I dunno, I just can't feel it. Yeah, my shampoo is in this cream colored bottle with swirly things on it, but I can't say I feel particularly oppressed. I used to use Brut shampoo, years ago, because I liked the scent, so I guess I broke free of all that patriarchal packaging or something. Before writing this I glanced over the various products I use, and she's full of it. A lot of them have gender-neutral packaging - deodorant, for example. I mean, there's Secret and Axe, but a lot of them aren't marketed to any particular gender, they're just there. How about Sure? It's for everyone, even the Statue of Liberty!
As a tangent: that statue should've been a dude. It's men who make liberty possible by defending it. But that was long before feminism and it was traditional for symbolic statues to be female; the British have Lady Justice.
Now, this is partly because a middle-aged single woman is more interested in health than in being attractive. My shampoo is scientifically proven to be awesome. My soap is also gender-neutral, and I picked it because it doesn't have added perfume or anything, as I'm allergic to some perfumes. And so on.
But nothing's stopping her from buying the same gender-neutral products which she apparently didn't even see in her drugstore, even though I've never seen a store that lacked them, or from buying the guys' stuff. And she's claiming that her good mood was ruined by seeing a few pink bottles? Lady, your problem isn't male chauvinism, it's a Prozac deficiency.

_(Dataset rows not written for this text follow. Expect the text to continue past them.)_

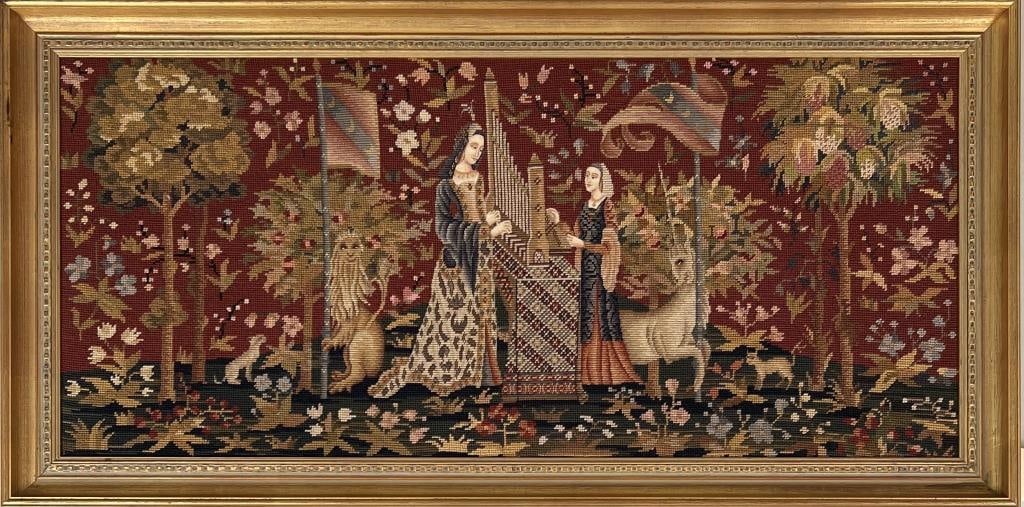 Framed Medieval Style Needlepoint Panel (1 of 3)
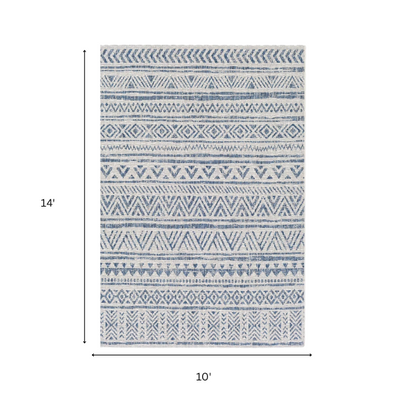 Striped Geometric Area Rug – Blue & Cream White, Durable Polypropylene, Low-Pile Design for High-Traffic Indoor/Outdoor Spaces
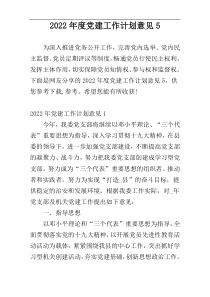 2022年度党建工作计划意见5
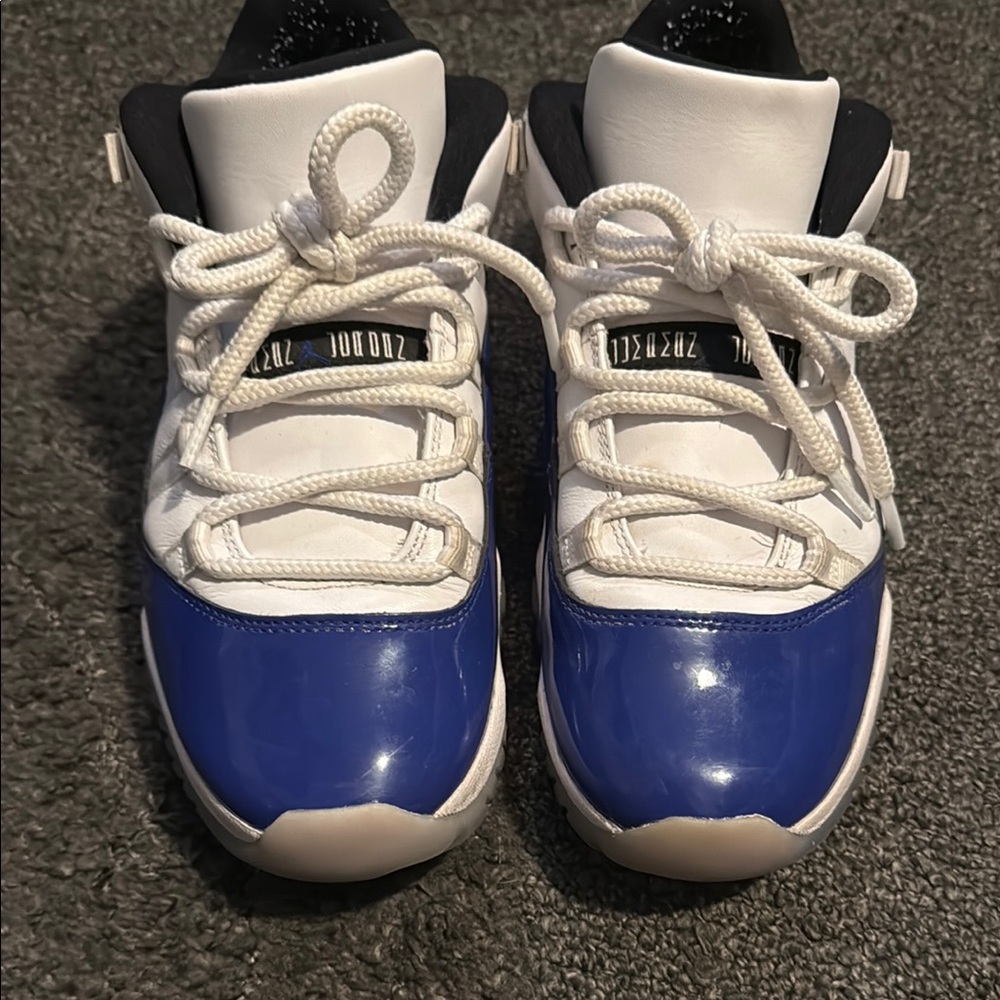 Blue and White Jordan 11s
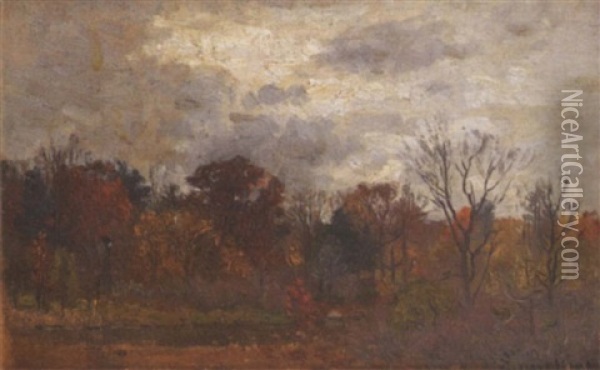 An Autumnal Landscape Under A Cloudy Sky Oil Painting - John Joseph Enneking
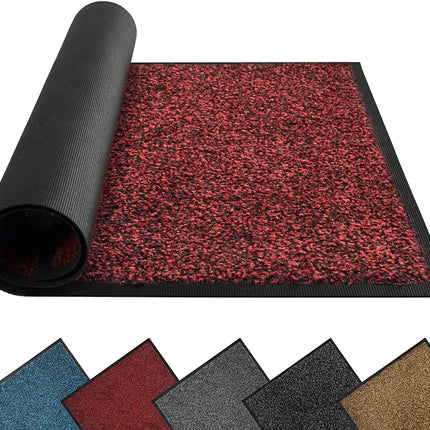 Mibao Dirt Trapper Door Mat for Indoor&Outdoor, 36" x 48", Black&red, Washable Barrier Door Mat, Heavy Duty Non-Slip Entrance Rug Shoes Scraper, Super Absorbent Front Door Mat Carpet.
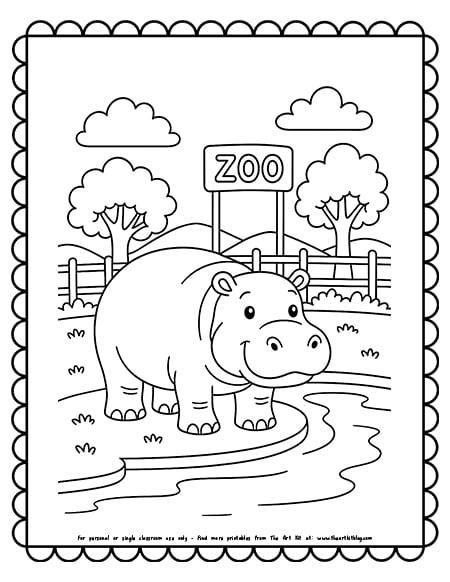 Hippopotamus At The Zoo Coloring Pages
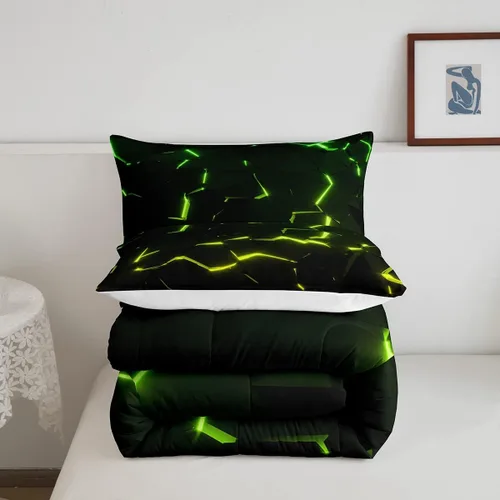 Vista 5 de Feelyou Juego de edredón de panal de abeja, juego de ropa de cama con estampado geométrico, juego de edredón acolchado con luces de neón amarillo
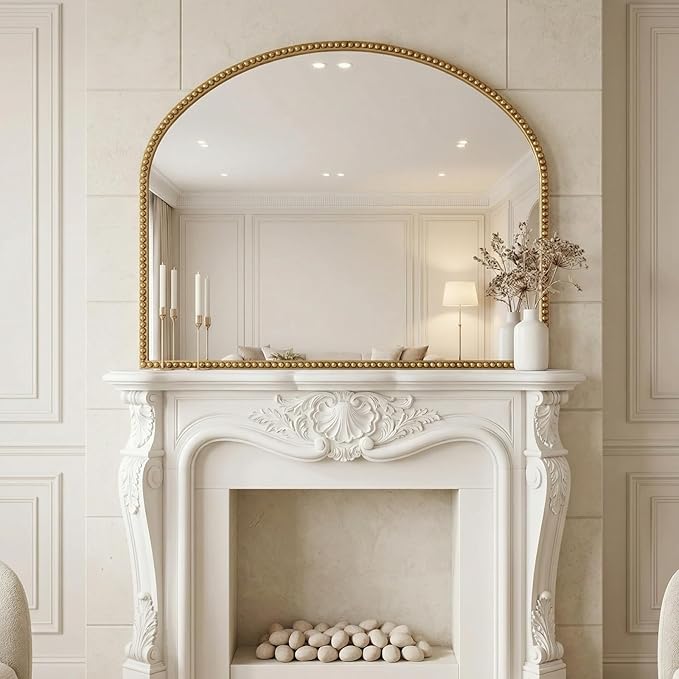 Arched Gold Decorative Wall Mirror 28"x35" Vintage Beaded Frame for Bathroom, Bedroom & Living Room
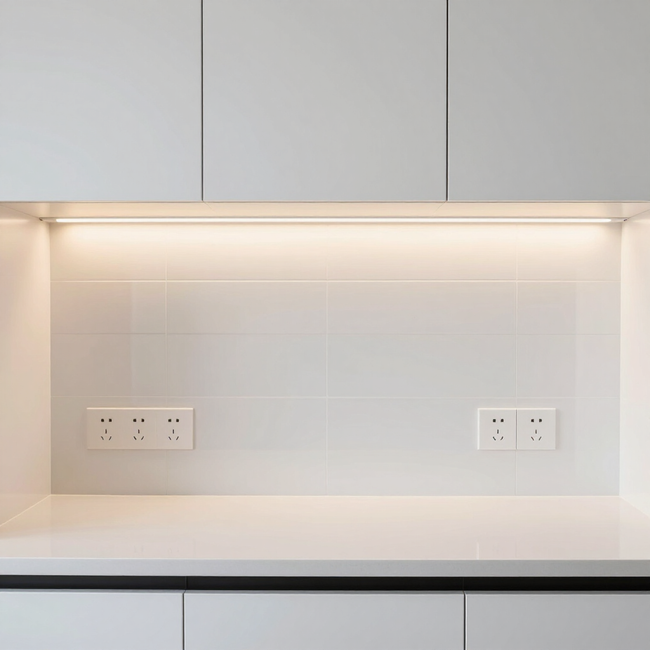 Modern white kitchen backsplash with cabinets, countertop, under-cabinet lighting, and electrical outlets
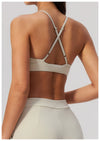 SPARK Women's Brushed V-Neck Cross-Back Yoga Bra ZC8793
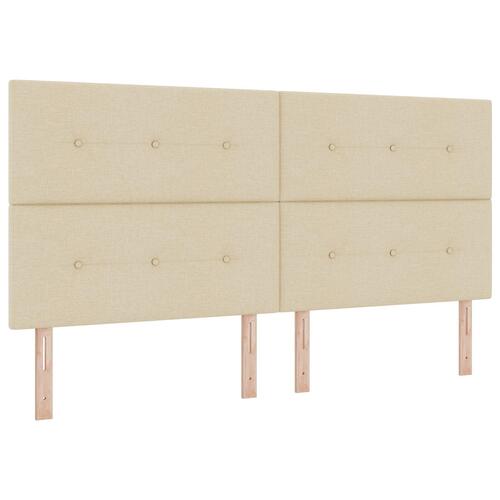 Sengestel med madrass Beige Stof 200 x 200 cm Sengemadras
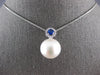 .48CT DIAMOND & AAA SAPPHIRE & SOUTH SEA PEARL 14KT WHITE GOLD 3D ROUND PENDANT
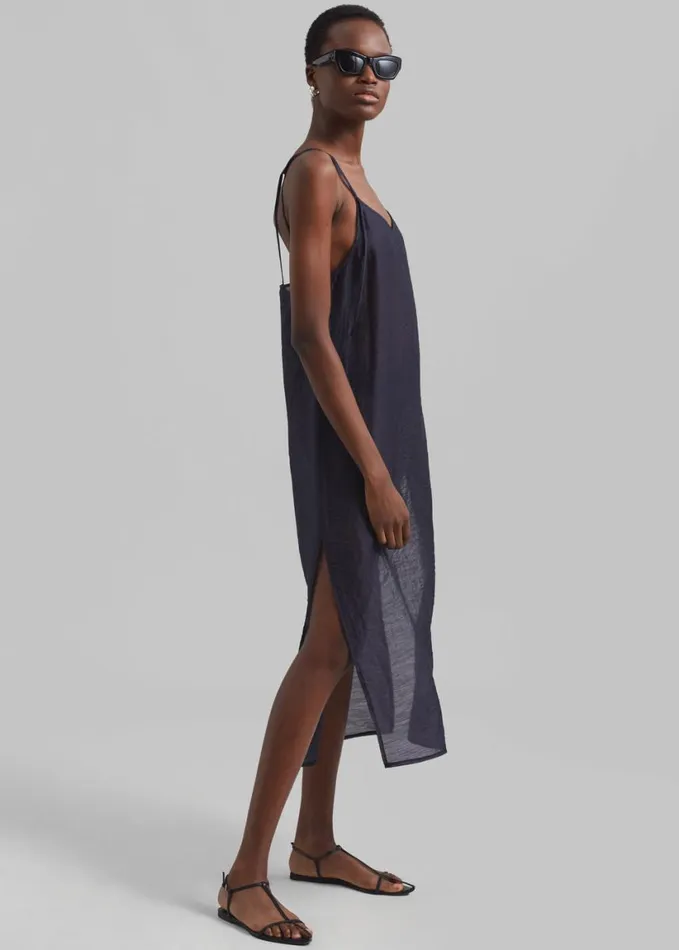 Clothing Women The Frankie Shop Madeline Sheer Midi Dress 8211 Navy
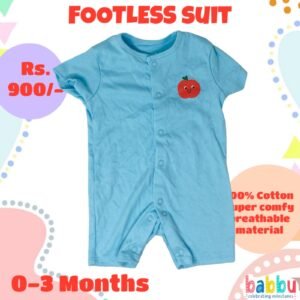 Rompers 0-3 Months - Light Blue with Tomato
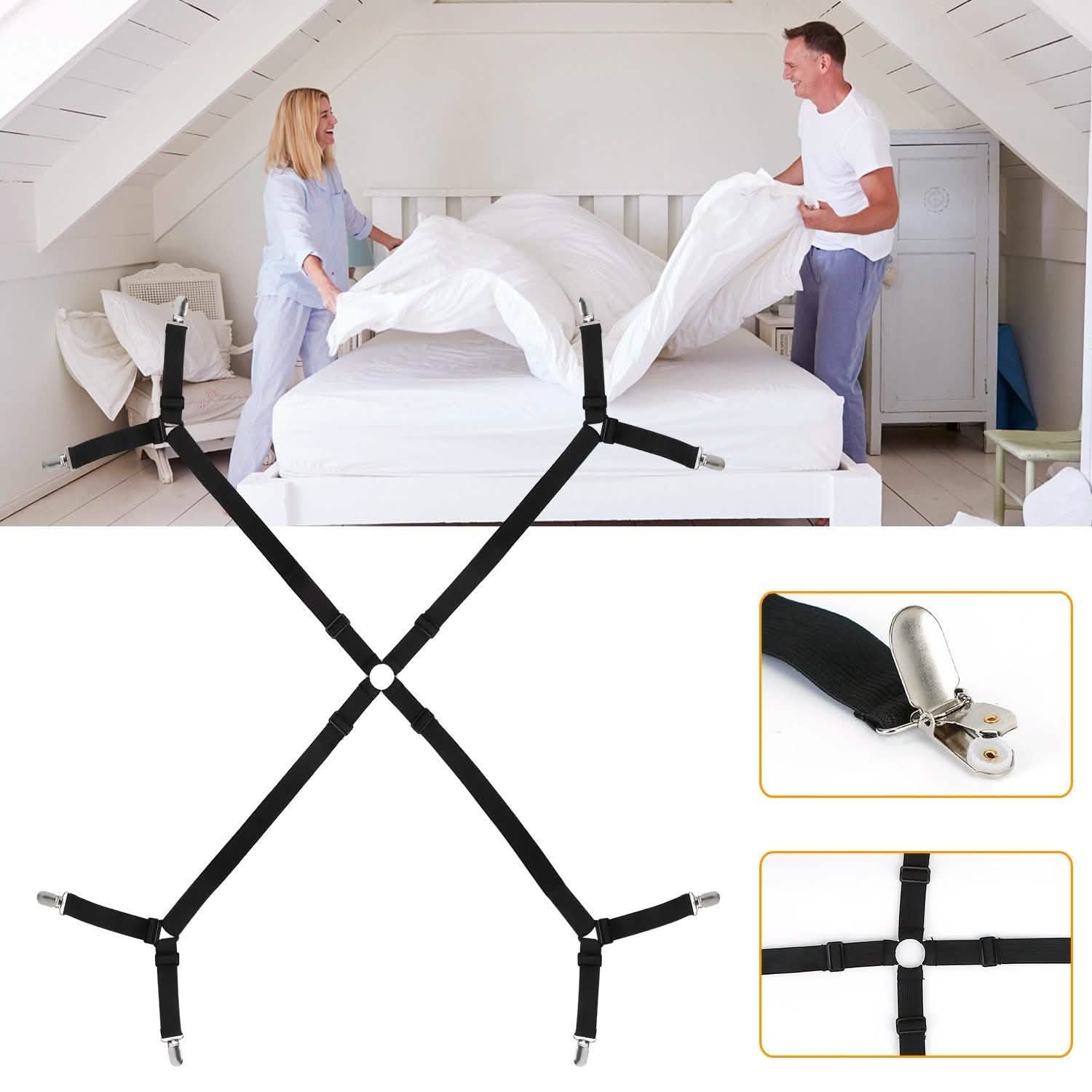 Attaches-draps élastiques réglables en croix pour le maintien des draps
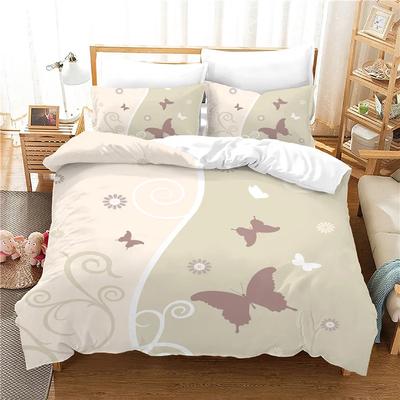 Set Copripiumino Principessa Coperture per Letto Misura Matrimoniale Stampa Reattiva Moda Ragazza Bella Farfalla Cartone Animato Set Biancheria da Letto Rosa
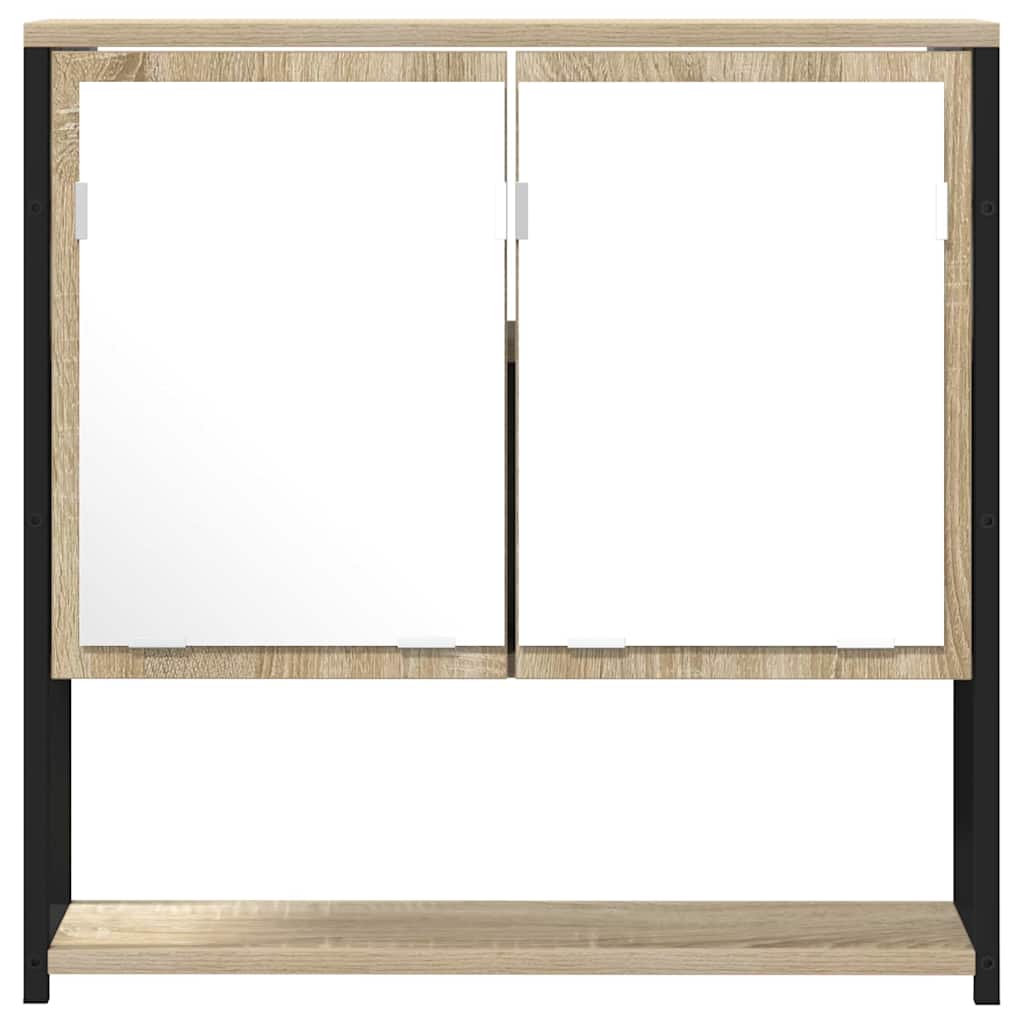 vidaXL Badezimmer Spiegel mit Regal Wandmontiert Beige 60 x 16 x 60 cm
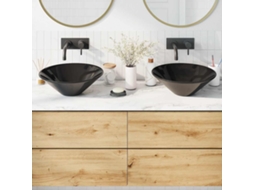 Vidaxl Lavatórios 2 Pcs Ø42x14 Cm Cerâmica Preto Brilhante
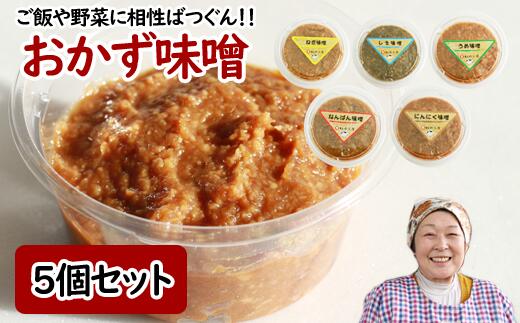 【ふるさと納税】 おかず味噌5個セット 味噌 おすすめ おかず みそ ミソ 豆味噌 豆 マメ 味付き味噌 あじつき セット 南蛮 うめ ウメ 紫蘇 しそ シソ にんにく ニンニク ねぎ ネギ 葱 自家製 自家製味噌 自家製麹 米麹 国産 岩手県 滝沢市 送料無料 【食・虹の工房】
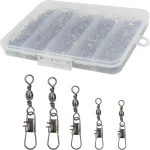 Beoccudo Fishing Swivels Snap Swivels 210pcs Barrel Swivels with Snaps Fishing Swivels Saltwater Freshwater Snap Connector (New)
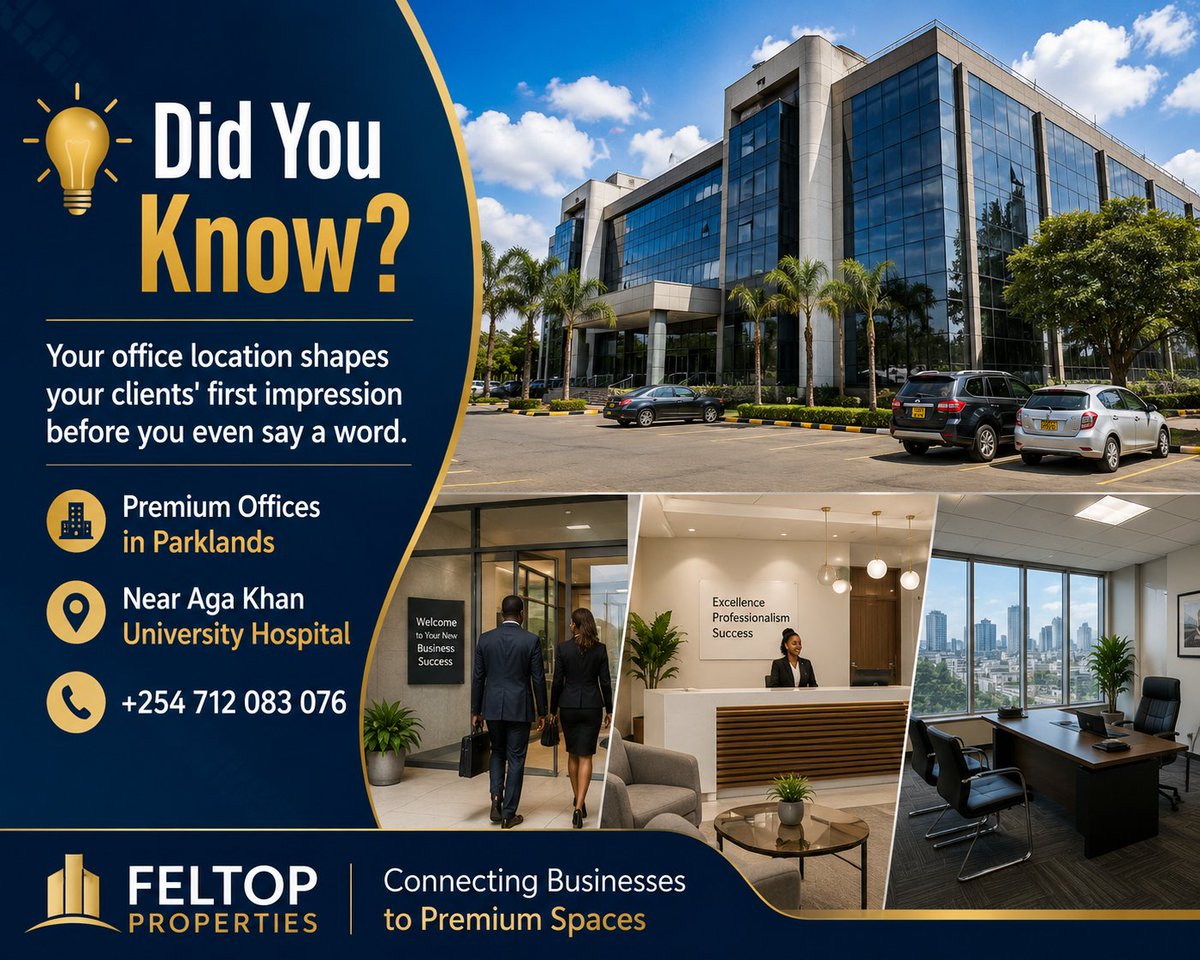 Feltoppropertie's tweet photo. A premium office location can boost your brand's credibility and make it easier for clients to find you.
🏢 Offices in Parklands 📍 Near Aga Khan University Hospital 📞 +254 712 083 076
#Parklands #OfficeSpace #NairobiBusiness #RealEstateKenya https://t.co/DpSOeX4v91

Actually, her syndrome is not unique. Liberals, in order to get into power, have trained people to see oppression everywhere. We MRA's are constantly bombarded with bullshit about how women are equal to men, but liberals manage not to notice this and instead will find, even in the most misandrist message, some little thing they can interpret as sexist. The same with race; the fight against racism has long since dispensed with demanding that everyone be judged by the content of their character instead of the color of their skin and instead has become basically reverse racism, with white people always presented as evil and greedy and so on with black people always being warm-hearted, wholesome, honest, etc. But even though TV shows and movies present most criminals as white even though that's not how it is in reality and constantly gives us black or Latino people in brainy professions which are currently dominated by whites and Asians - there's even a burglar alarm commercial which shows a white burglar trying to break into a black family's home - still nonwhites who feel like being sensitive can always find racism somewhere in the most anti-white propaganda bullshit. Example: the movie Avatar, which was about how white people are so greedy and sadistic that they'll kill lots of sentient beings just to make a profit. (This is of course what liberals literally believe.) The only way to atone for being white is to get yourself up in blueface and betray your own race for nonwhite critters voiced by nonwhite actors. This is completely unambiguous anti-white progaganda, yet the reaction I saw from numerous nonwhite bloggers was how racist it was that the blue kittycats needed a white guy to lead them.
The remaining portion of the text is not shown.